Every line of the listing below should be written out exactly, minus its pictures.

Dataset section START

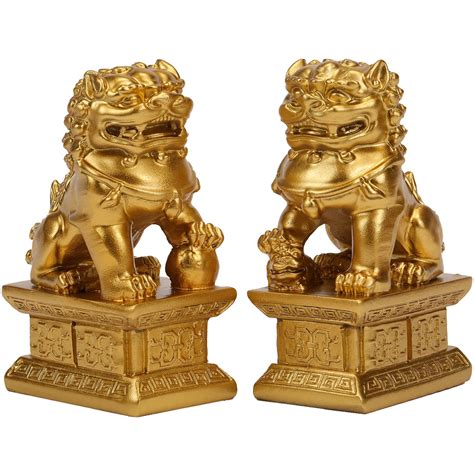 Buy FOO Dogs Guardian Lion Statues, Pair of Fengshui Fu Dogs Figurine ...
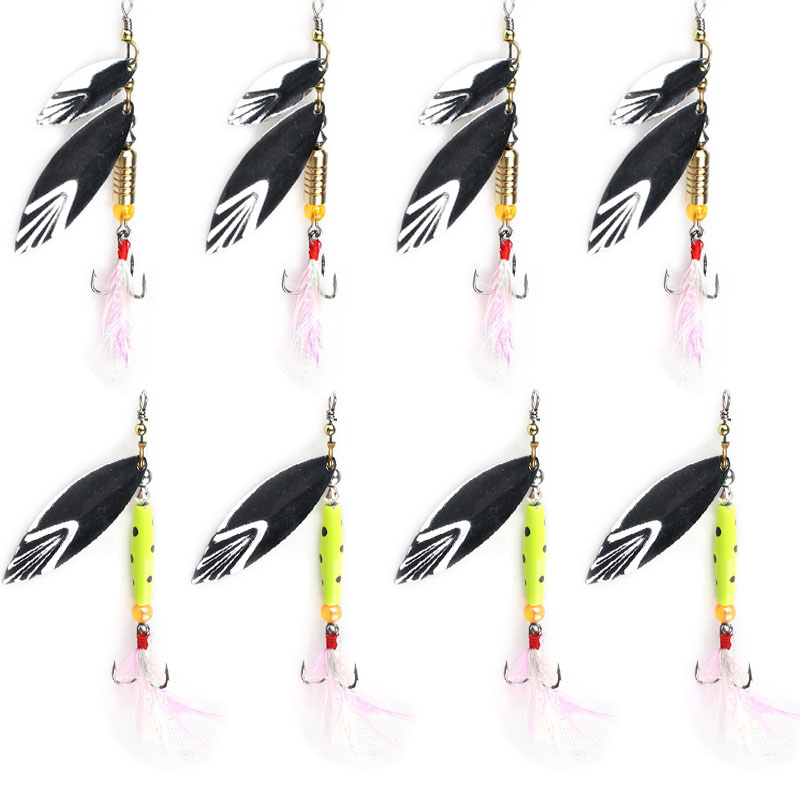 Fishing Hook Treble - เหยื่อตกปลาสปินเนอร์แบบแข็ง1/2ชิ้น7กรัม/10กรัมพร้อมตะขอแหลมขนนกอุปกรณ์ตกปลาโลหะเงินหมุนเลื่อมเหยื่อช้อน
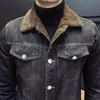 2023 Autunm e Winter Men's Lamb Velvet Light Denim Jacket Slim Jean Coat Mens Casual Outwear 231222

Dataset section END

Final answer:
 Buy FOO Dogs Guardian Lion Statues, Pair of Fengshui Fu Dogs Figurine ...
 Fishing Hook Treble - เหยื่อตกปลาสปินเนอร์แบบแข็ง1/2ชิ้น7กรัม/10กรัมพร้อมตะขอแหลมขนนกอุปกรณ์ตกปลาโลหะเงินหมุนเลื่อมเหยื่อช้อน
 2023 Autunm e Winter Men's Lamb Velvet Light Denim Jacket Slim Jean Coat Mens Casual Outwear 231222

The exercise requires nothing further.